映像、ディレクターの仕事をしている娘さんが、郷里の認知症の母のことを書いた本。
以前、映画も観た。
もちろん、娘さんが制作したものである。
少しずつ進んでいく、母の認知症。
それを、見守り母の世話をする90歳を越えた父。(父の対応が素晴らしい!)
様々な葛藤を抱える著者である娘。
家族は皆、思いやりが深く仲が良い。
認知症、介護の話だけれど、私には、素敵な家族、素敵な親子、素敵な夫婦のドキュメンタリーに思えた。
私も、母の認知症の介護をしたので、様々な苦しさは、手に取るようにわかった。
文中にある『介護は、親が命懸けでしてくれる最後の子育て』の一文は、私もほんとうに、そうだと思った。
私たち夫婦にも、いつかは
どのような形かは、わからないけれど
必ず訪れるだろう、その時。
その時に、どうするか。
なんてことではない。
窮地では、隠しようもなく、その人自身が、人との関係が、それまでの生きざまが、良くも悪くも、はっきりと露呈されるものだから。

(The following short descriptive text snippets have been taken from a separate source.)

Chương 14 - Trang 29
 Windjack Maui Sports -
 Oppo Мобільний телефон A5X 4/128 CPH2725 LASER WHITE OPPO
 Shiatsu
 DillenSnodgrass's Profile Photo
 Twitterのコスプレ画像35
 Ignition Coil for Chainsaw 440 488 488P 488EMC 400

私は、それが、この本のように、苦しくても、思いやりとぬくもりに溢れるものであって欲しいと思う。
上手く言えないけれど、子供等にとっても、そんな時間(私たちの介護?私たちの世話?)であって欲しいのだ。
しっかりと、私たちからのメッセージのようなものを彼らなりに受けとって欲しいと願っている。
私が母から『最後の子育て』をしてもらったように、それが、子供等にとっても、生きる糧のひとつになればと思うのである。